Quelle est la différence entre un TMS et un outil de TAO ?
Un outil de TAO (traduction assistée par ordinateur) est l’éditeur de bureau dans lequel travaille un traducteur individuel, comme Trados ou memoQ. Un TMS est la plateforme partagée qui gère le contenu, les personnes, le flux de travail et les intégrations sur l’ensemble d’un projet. La plupart des systèmes modernes incluent un éditeur de TAO dans le navigateur, ce qui brouille la frontière.
Ai-je besoin d’un TMS si je ne prends en charge que deux langues ?
Pas nécessairement. Deux langues et des sorties peu fréquentes peuvent se gérer avec des fichiers et de la discipline. La courbe de coût s’infléchit avec la fréquence plutôt qu’avec le nombre de langues — un produit publié chaque semaine dans deux langues génère plus de travail de coordination qu’un produit publié une fois par an dans huit langues.

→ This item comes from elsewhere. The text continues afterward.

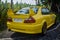 Yellow Mitsubishi Lancer Evolution V in JDM run car meet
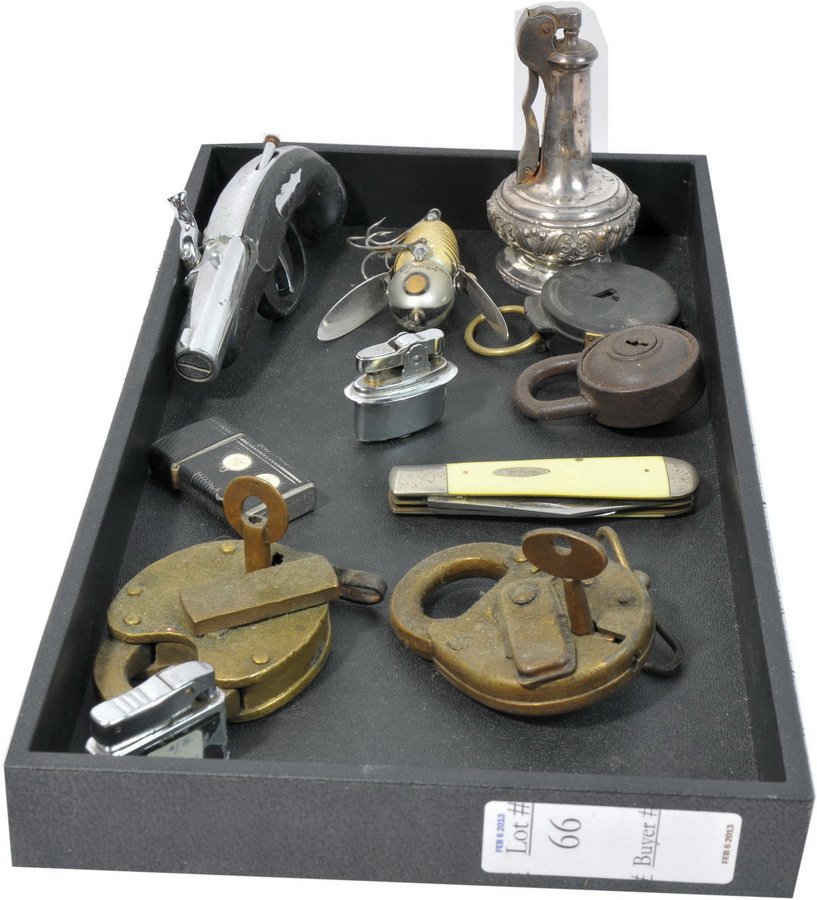 Estate Lot with lighters: Estate lot to include lighters, locks and keys, Heddon Lure, Maine Central Railroad lock, Case XX Knife and more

Un TMS peut-il remplacer des traducteurs humains ?
Non. Un TMS distribue le travail, réutilise ce qui a déjà été traduit et applique la traduction automatique là où c’est pertinent, ce qui réduit le volume de traduction humaine nécessaire. Décider ce qu’une chaîne doit dire dans une autre langue, en contexte, dans le registre approprié, reste un travail humain.